Robert Nathaniel Mann (July 19, 1920 – January 1, 2018) was a violinist, composer, conductor, and founding member of the Juilliard String Quartet,[1] as well as a faculty member at the Manhattan School of Music.[2] Mann, the first violinist at Juilliard, served on the school’s string quartet for over fifty years until his retirement in 1997.[3]

Mann played and performed on many instruments, including those made by Antonio Stradivari and John Young. Mann was the subject of a 2014 documentary, titled Speak the Music.[3]

Mann was born and raised in Portland, Oregon. His father worked as a tailor and a grocer.[4] Mann began his study of the violin at age nine; at 13, he was accepted into the class of Edouard Hurlimann, concertmaster of the Portland Symphony. He attended the Portland Youth Philharmonic, but had planned to become a forest ranger in his youth.[3]

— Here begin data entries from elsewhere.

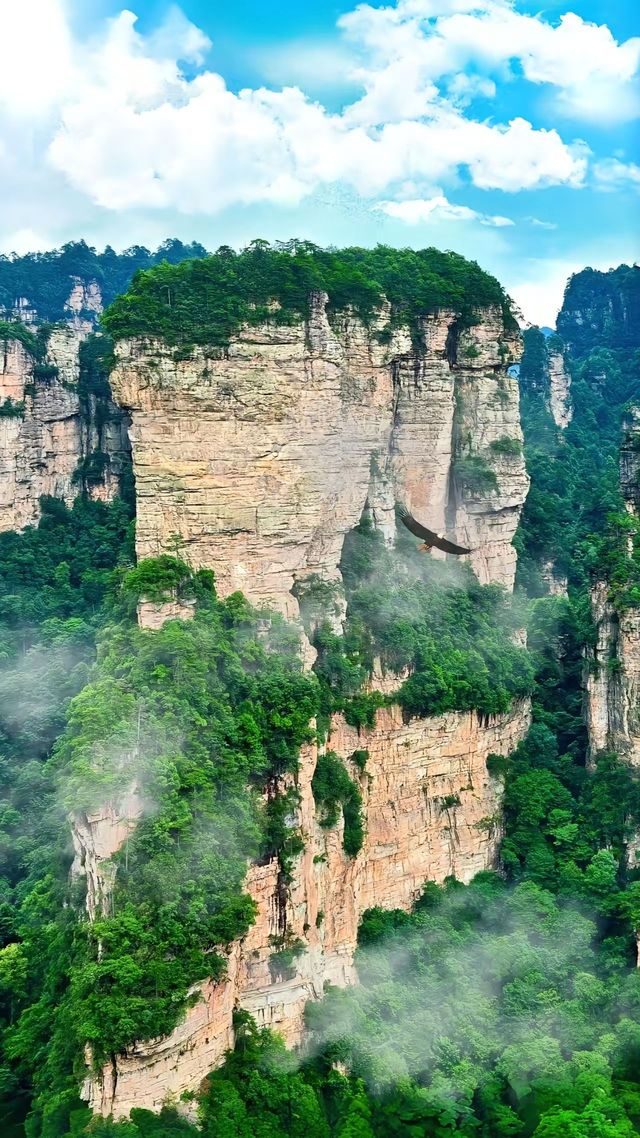 張家界 + 天門山 + 鳳凰古城 5 天 4 晚私人定製小包團（4-7 人）全程純玩無自費無購物 詳細行程與報價（不含餐）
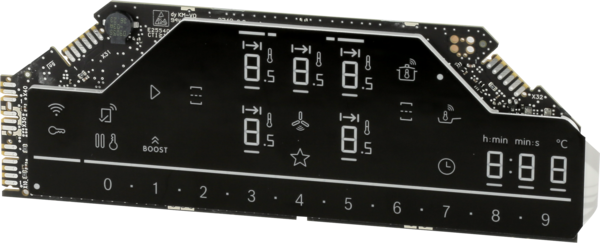 11056631 Ovládací modul naprogramovaný Bosch | Siemens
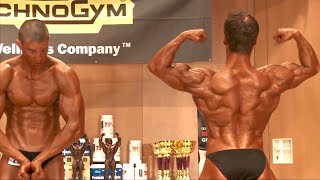 NABBA Austrian Open 2011 - Juniors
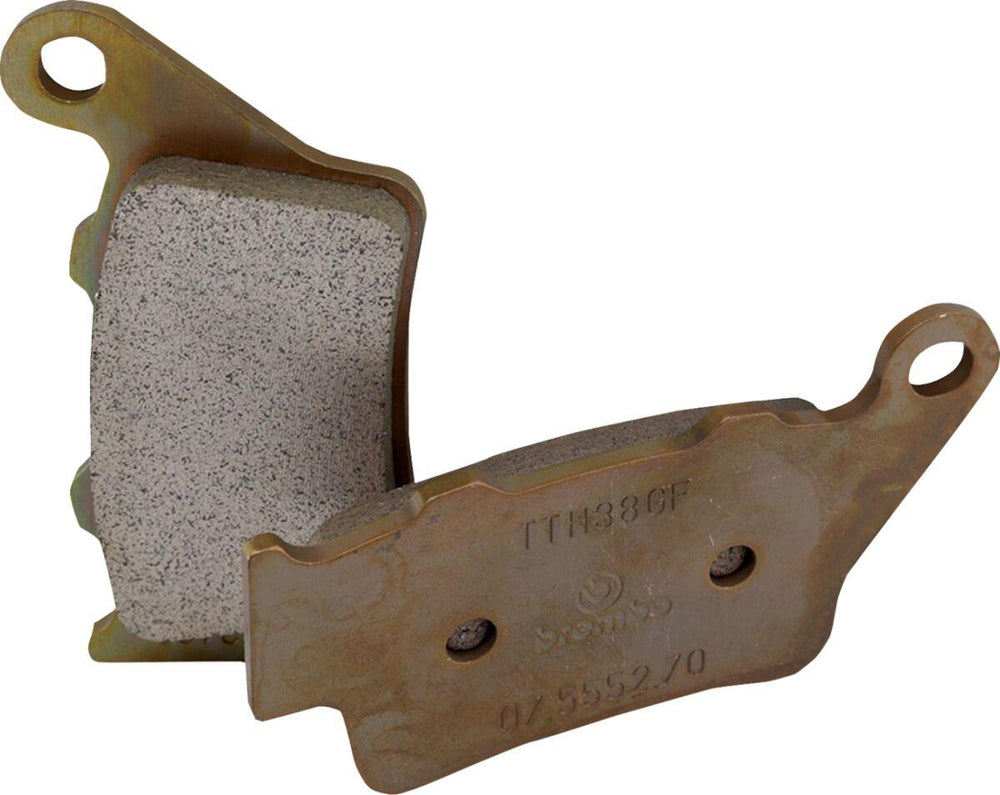 Brembo Prime Sintered Genuine Brake Pads For CCM 644 2003-2005 Rear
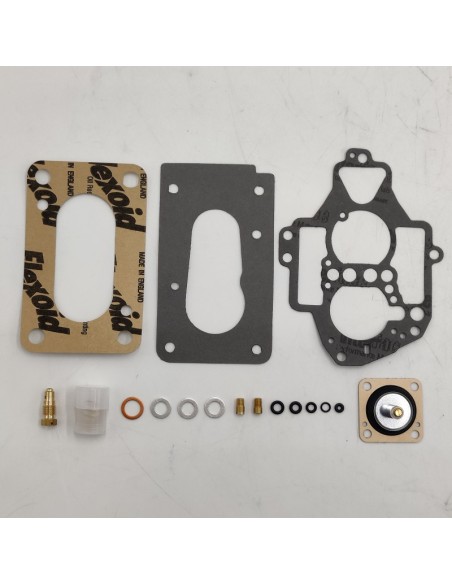 Kit carburador Renault Super 5 Limited (1700cc) Solex 28 Solex 34 Z 10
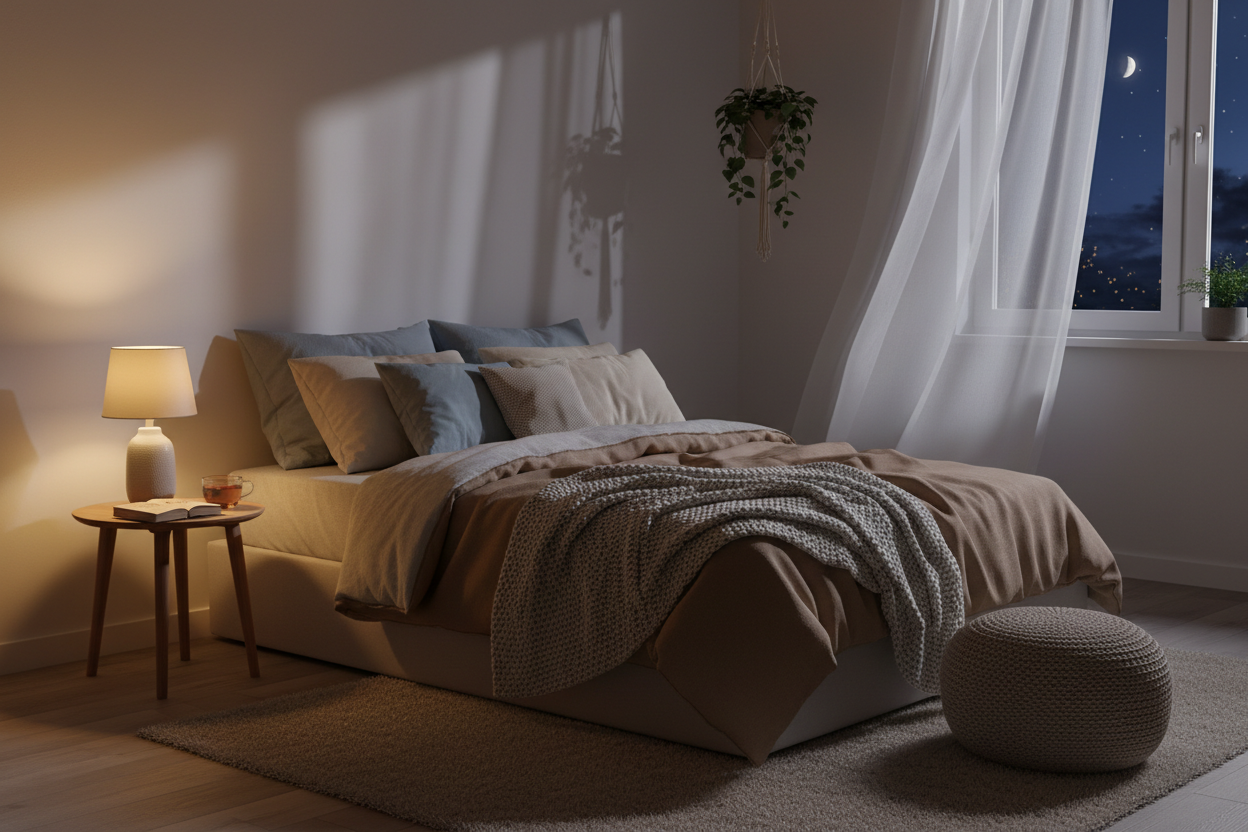 Pourquoi le soir est le moment où l’on ralentit vraiment ?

In 1938, at the age of eighteen, he moved to New York City to enroll in the Juilliard School, where he studied violin with Edouard Dethier, composition with Bernard Wagenaar and Stefan Wolpe, and conducting with Edgar Schenkman. Mann won the prestigious Naumburg Competition in 1941 and made his New York debut two days after the attack on Pearl Harbor. Shortly after his graduation from Juilliard, he was drafted into the US Army.

Career at Julliard
At the invitation of Juilliard’s president, William Schuman, Mann founded the Juilliard String Quartet in 1946 and served as the ensemble’s first violinist until his retirement from the quartet in 1997.[3] The quartet, which celebrated its golden jubilee during the 1996–97 season, had played approximately 5,000 concerts and performed more than 600 works, including some 100 premieres. Its discography includes recordings of more than 100 compositions. They have received three Grammy awards for their recordings.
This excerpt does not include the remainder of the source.